Activity: Retype word for word the line containing "Buy matte-white-finish-with-matte-white-blades Ikon" and each line that follows it in the records below, through the last one, with no pictures.

Given records:
━━━━━━━━━━━━━━━━━━━━

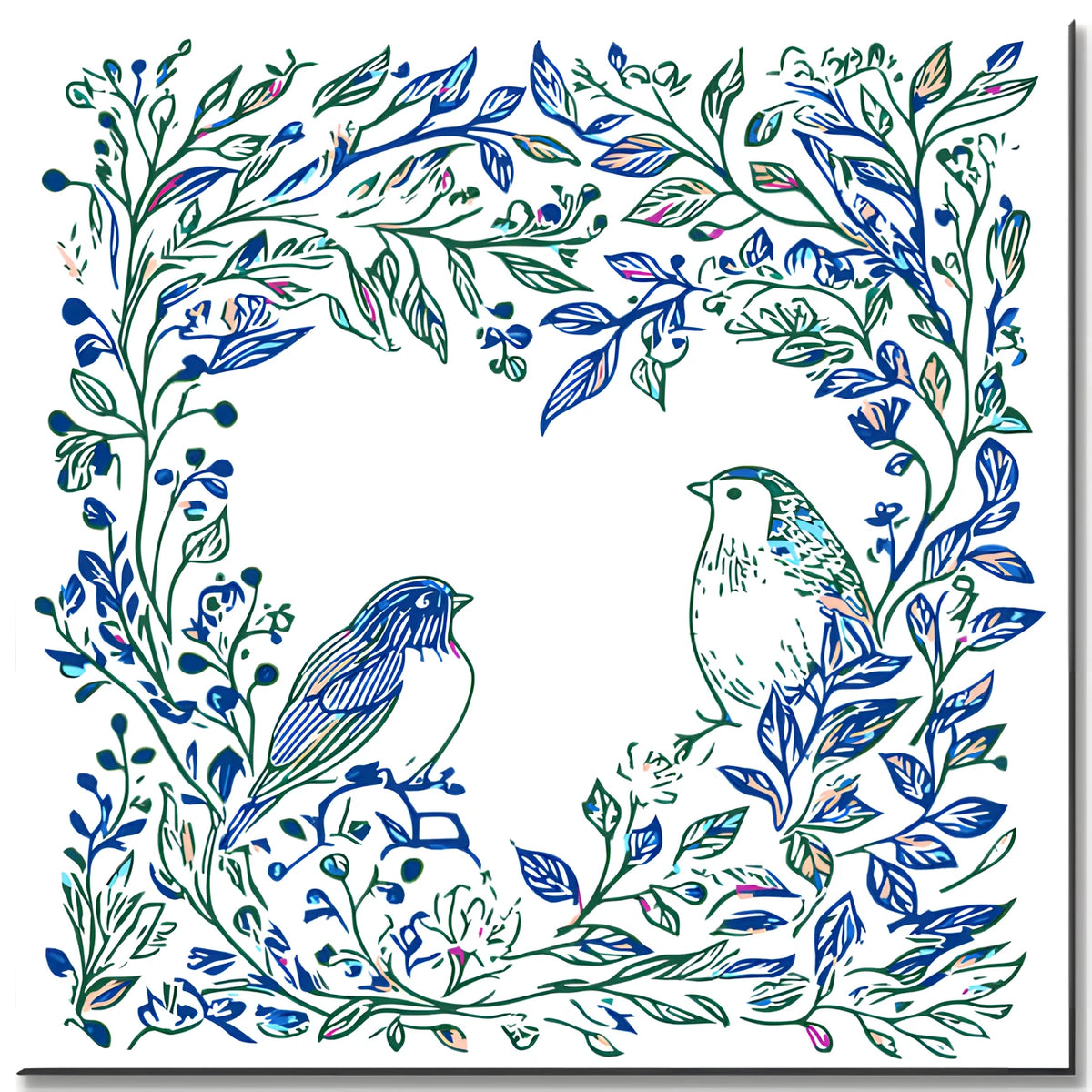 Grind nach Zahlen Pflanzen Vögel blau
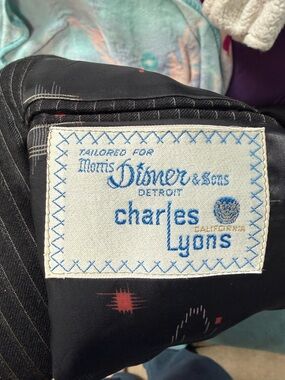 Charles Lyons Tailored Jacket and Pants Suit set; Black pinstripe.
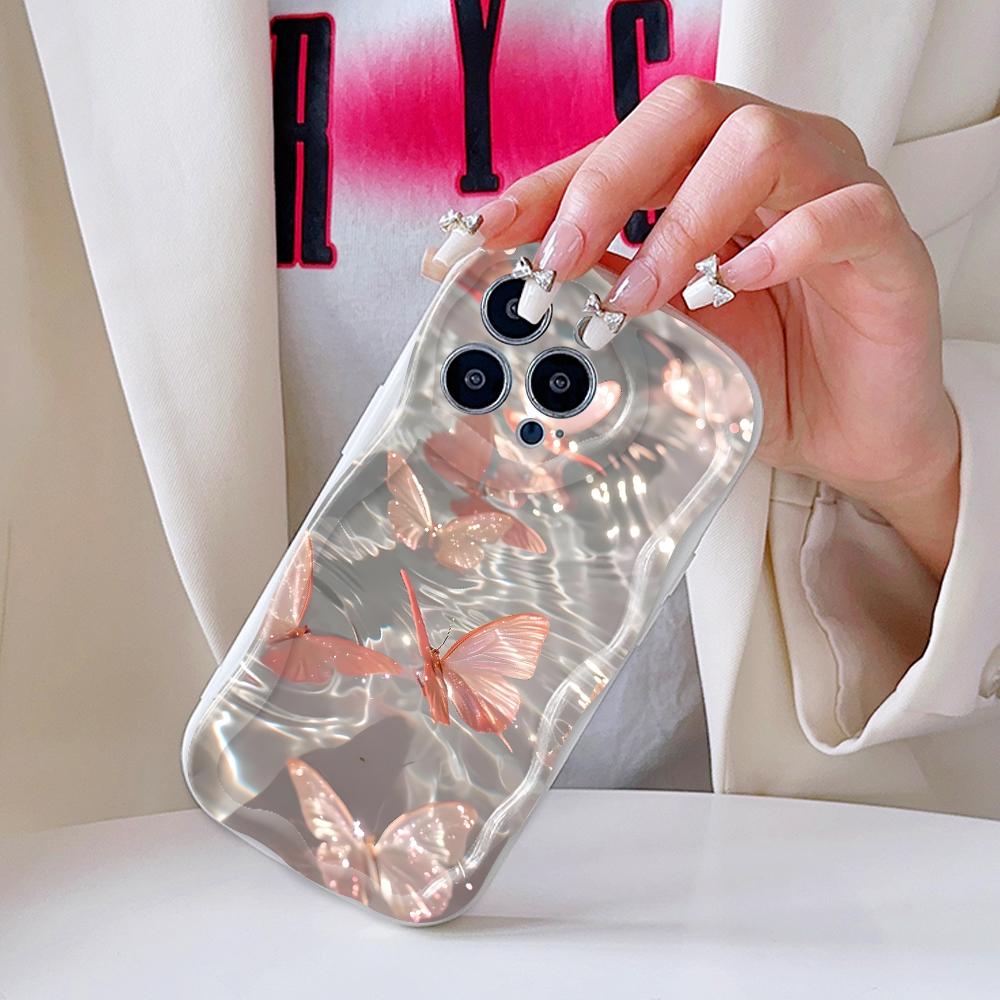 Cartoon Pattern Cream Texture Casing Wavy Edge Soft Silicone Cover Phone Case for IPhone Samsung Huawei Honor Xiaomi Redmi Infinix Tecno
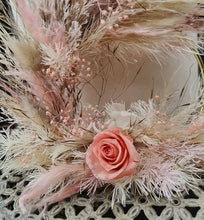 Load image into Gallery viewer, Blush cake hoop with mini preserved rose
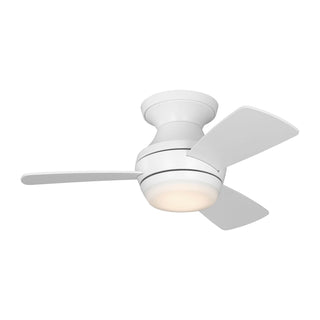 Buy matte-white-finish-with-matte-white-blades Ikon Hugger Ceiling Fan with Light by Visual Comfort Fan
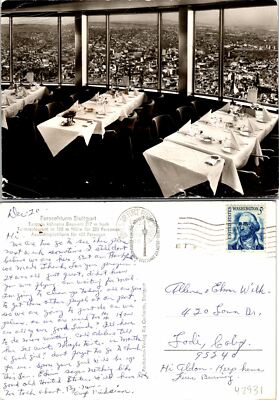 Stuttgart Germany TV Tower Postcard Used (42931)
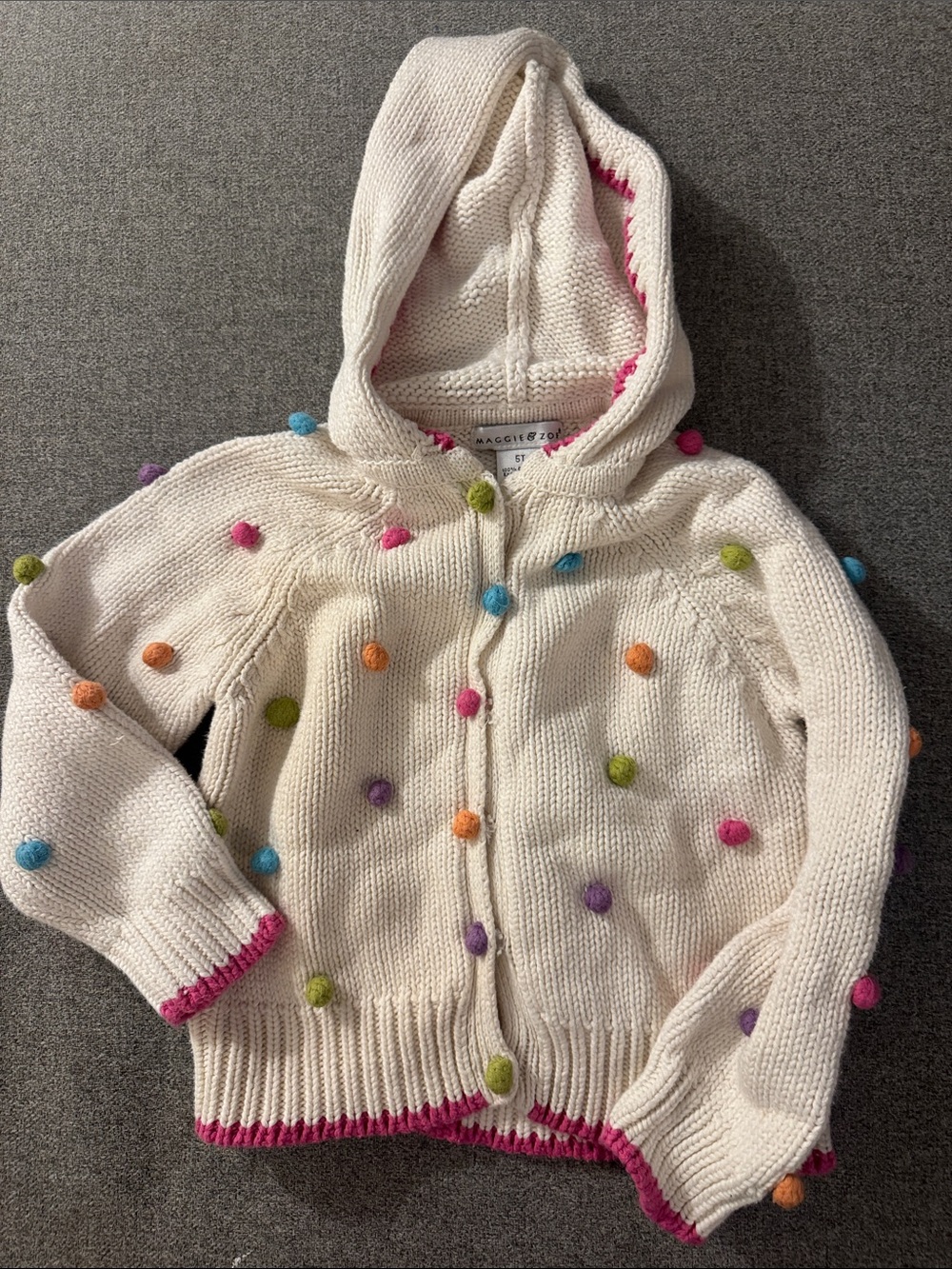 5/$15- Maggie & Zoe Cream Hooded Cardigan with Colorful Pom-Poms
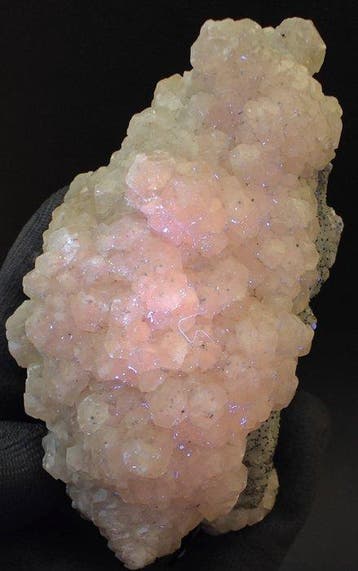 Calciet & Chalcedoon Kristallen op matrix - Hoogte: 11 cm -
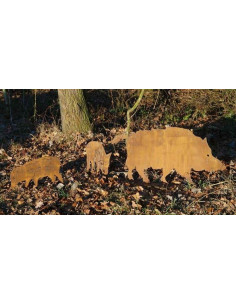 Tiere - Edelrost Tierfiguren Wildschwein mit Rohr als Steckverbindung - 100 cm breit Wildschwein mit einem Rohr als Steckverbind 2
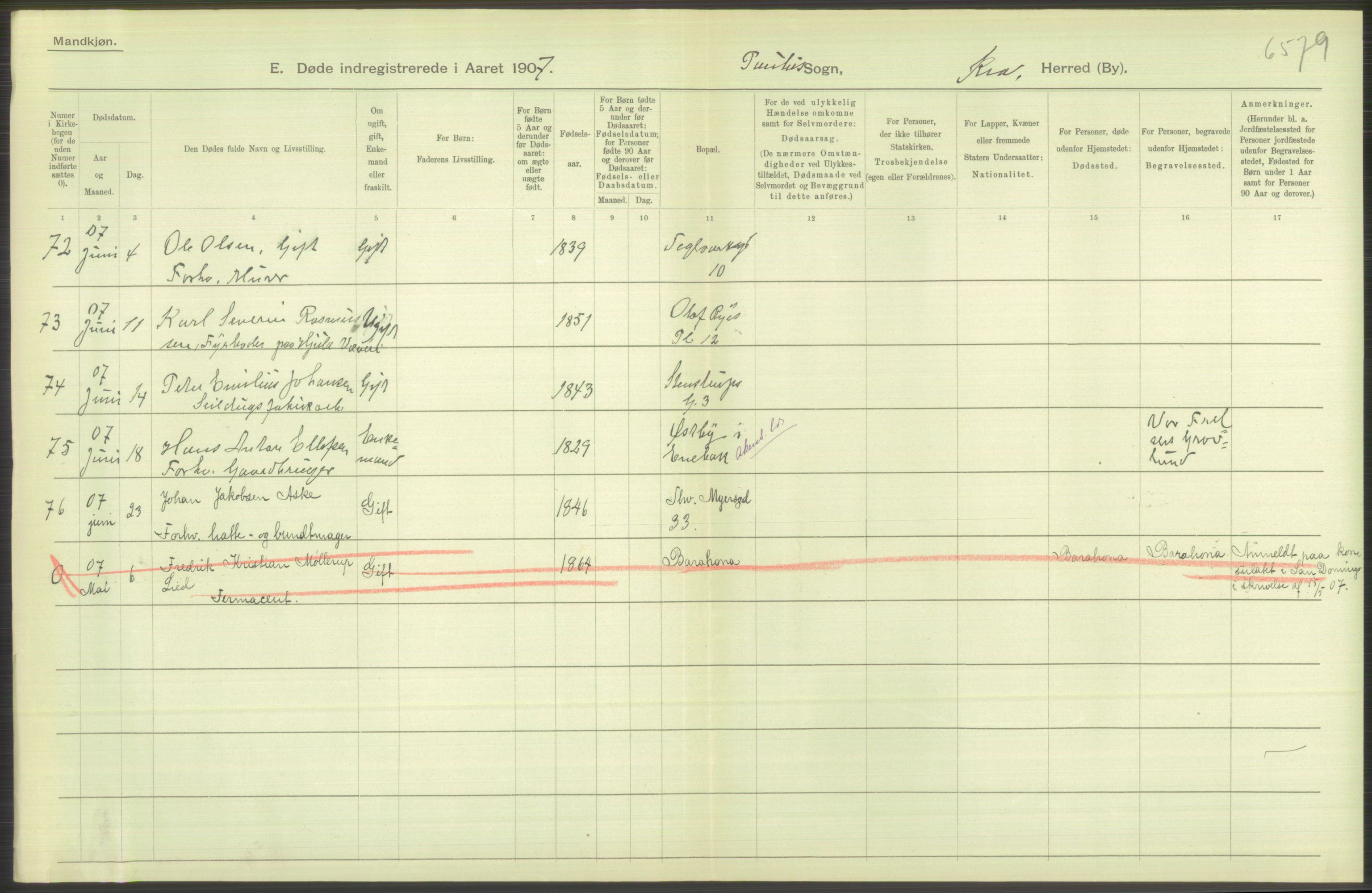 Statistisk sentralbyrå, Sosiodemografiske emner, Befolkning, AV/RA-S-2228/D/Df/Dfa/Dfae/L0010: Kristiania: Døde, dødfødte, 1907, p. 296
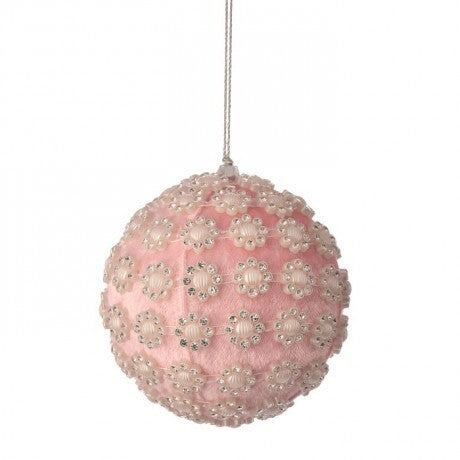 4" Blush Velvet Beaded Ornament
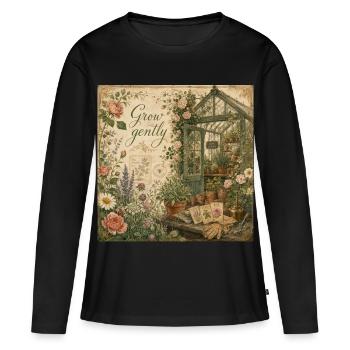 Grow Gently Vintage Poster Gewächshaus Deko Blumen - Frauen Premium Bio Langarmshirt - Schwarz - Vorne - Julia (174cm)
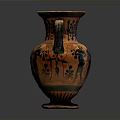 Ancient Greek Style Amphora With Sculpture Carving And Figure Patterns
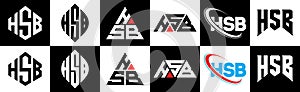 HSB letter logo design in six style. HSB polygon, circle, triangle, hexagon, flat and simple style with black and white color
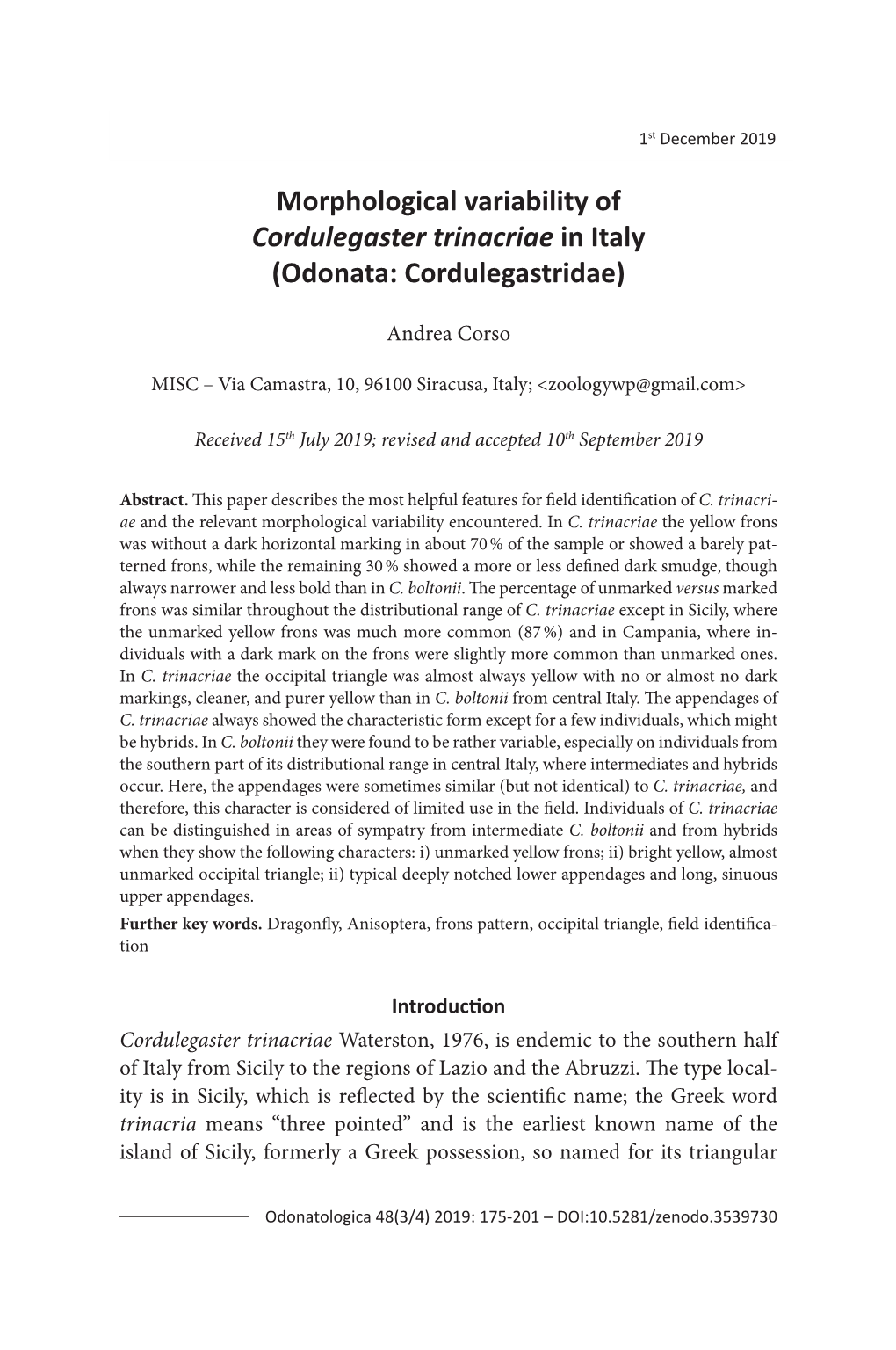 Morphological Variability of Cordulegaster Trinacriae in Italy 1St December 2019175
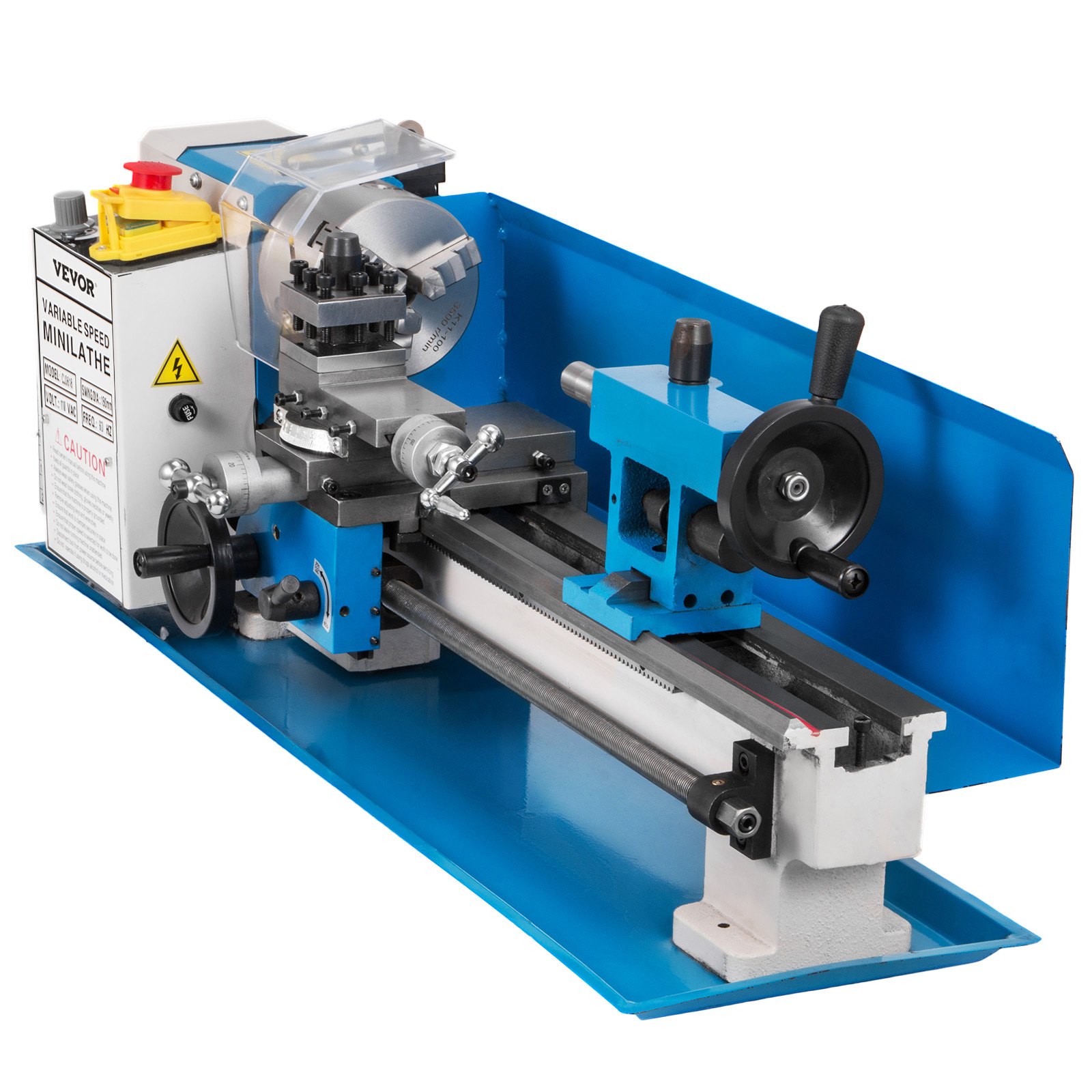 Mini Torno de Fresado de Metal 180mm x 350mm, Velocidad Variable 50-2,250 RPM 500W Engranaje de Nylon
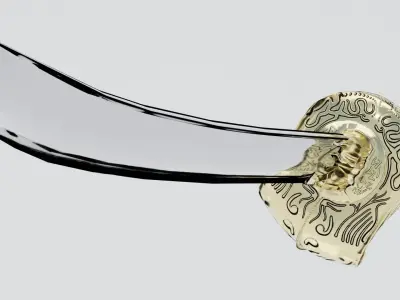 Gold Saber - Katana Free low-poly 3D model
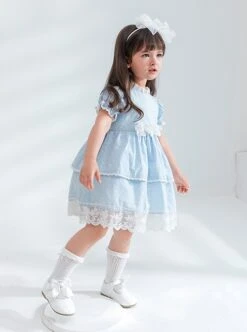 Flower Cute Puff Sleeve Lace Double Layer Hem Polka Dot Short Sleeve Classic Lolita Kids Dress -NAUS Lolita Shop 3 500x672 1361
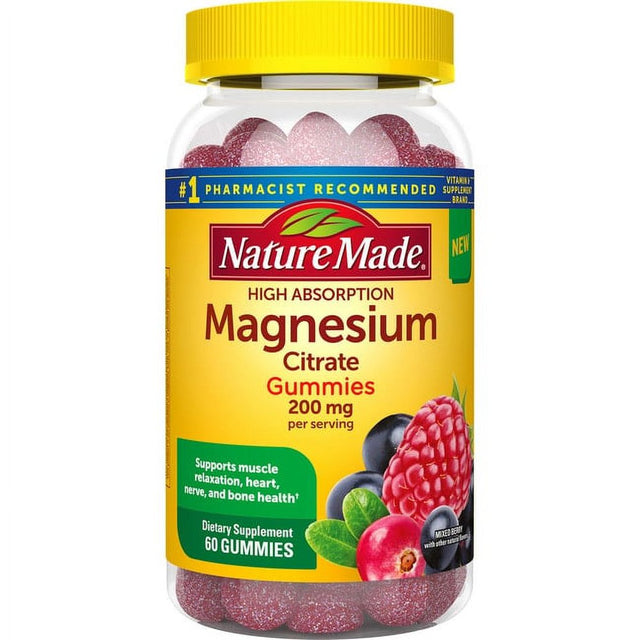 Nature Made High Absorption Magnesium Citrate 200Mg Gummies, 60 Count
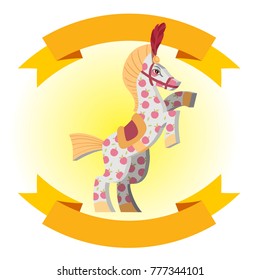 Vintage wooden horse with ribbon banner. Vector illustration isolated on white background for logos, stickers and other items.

━━━━━━━━━━━━━━━━━━━━

Task answer:
 Buy matte-white-finish-with-matte-white-blades Ikon Hugger Ceiling Fan with Light by Visual Comfort Fan
 Stuttgart Germany TV Tower Postcard Used (42931)
 5/$15- Maggie & Zoe Cream Hooded Cardigan with Colorful Pom-Poms
 Calciet & Chalcedoon Kristallen op matrix - Hoogte: 11 cm -
 Tiere - Edelrost Tierfiguren Wildschwein mit Rohr als Steckverbindung - 100 cm breit Wildschwein mit einem Rohr als Steckverbind 2
 Statistisk sentralbyrå, Sosiodemografiske emner, Befolkning, AV/RA-S-2228/D/Df/Dfa/Dfae/L0010: Kristiania: Døde, dødfødte, 1907, p. 296
 4" Blush Velvet Beaded Ornament
 Grow Gently Vintage Poster Gewächshaus Deko Blumen - Frauen Premium Bio Langarmshirt - Schwarz - Vorne - Julia (174cm)
 Ancient Greek Style Amphora With Sculpture Carving And Figure Patterns
 HSB letter logo design in six style. HSB polygon, circle, triangle, hexagon, flat and simple style with black and white color
 Morphological Variability of Cordulegaster Trinacriae in Italy 1St December 2019175
 Mini Torno de Fresado de Metal 180mm x 350mm, Velocidad Variable 50-2,250 RPM 500W Engranaje de Nylon
 Gold Saber - Katana Free low-poly 3D model
 Flower Cute Puff Sleeve Lace Double Layer Hem Polka Dot Short Sleeve Classic Lolita Kids Dress -NAUS Lolita Shop 3 500x672 1361
 Nature Made High Absorption Magnesium Citrate 200Mg Gummies, 60 Count
 Vintage wooden horse with ribbon banner. Vector illustration isolated on white background for logos, stickers and other items.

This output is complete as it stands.